======== Study material ========

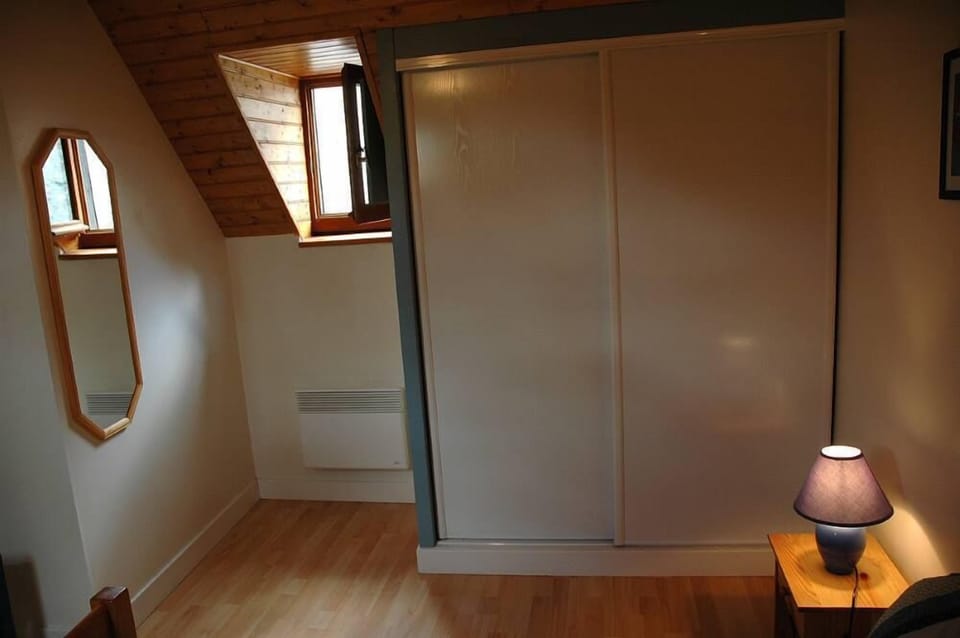 Master bedroom: wall mounted mirror and storage cupboard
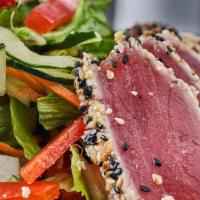Ahi Salad · sesame-seared ahi, mixed greens, red bell peppers, pickled ginger, cilantro, miso-ginger vin...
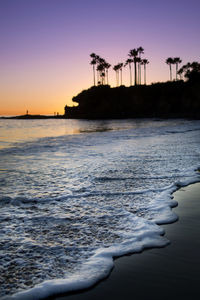 Scenic view of sea against clear sky during sunset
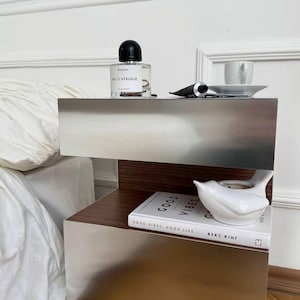 Può includere: Un comodino moderno con finitura metallica, con una bottiglia di profumo, una tazzina e un piattino, e un tubetto di crema. Sono presenti anche un uccello in ceramica bianca e un libro con la scritta "GOOD VIBES, GOOD LIFE".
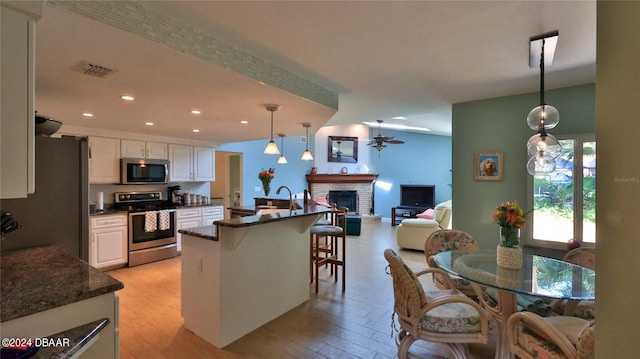 kitchen featuring white cabinetry, hanging light fixtures, a breakfast bar, appliances with stainless steel finishes, and light wood-type flooring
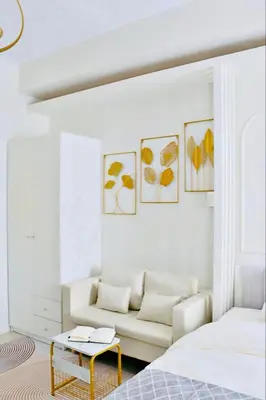 a living room with a couch and a table at Bai Labi Luxury Lounge in Manila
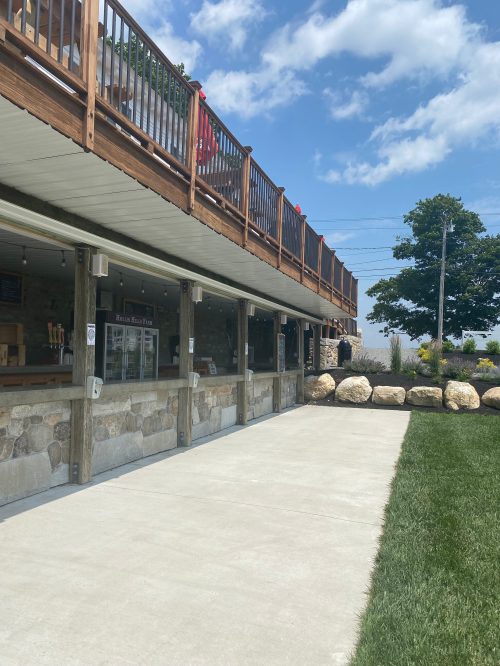 A wooden deck overlooks a stone patio and grassy area, with a bar and trees in the background under a blue sky.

========

### Task directions
From the records above, return exactly the lines running from the one that contains "Scenic view of" down to the one that contains "kitchen featuring white", both included, without any pictures.

### Answer space
 Scenic view of sea against clear sky during sunset
 Può includere: Un comodino moderno con finitura metallica, con una bottiglia di profumo, una tazzina e un piattino, e un tubetto di crema. Sono presenti anche un uccello in ceramica bianca e un libro con la scritta "GOOD VIBES, GOOD LIFE".
 kitchen featuring white cabinetry, hanging light fixtures, a breakfast bar, appliances with stainless steel finishes, and light wood-type flooring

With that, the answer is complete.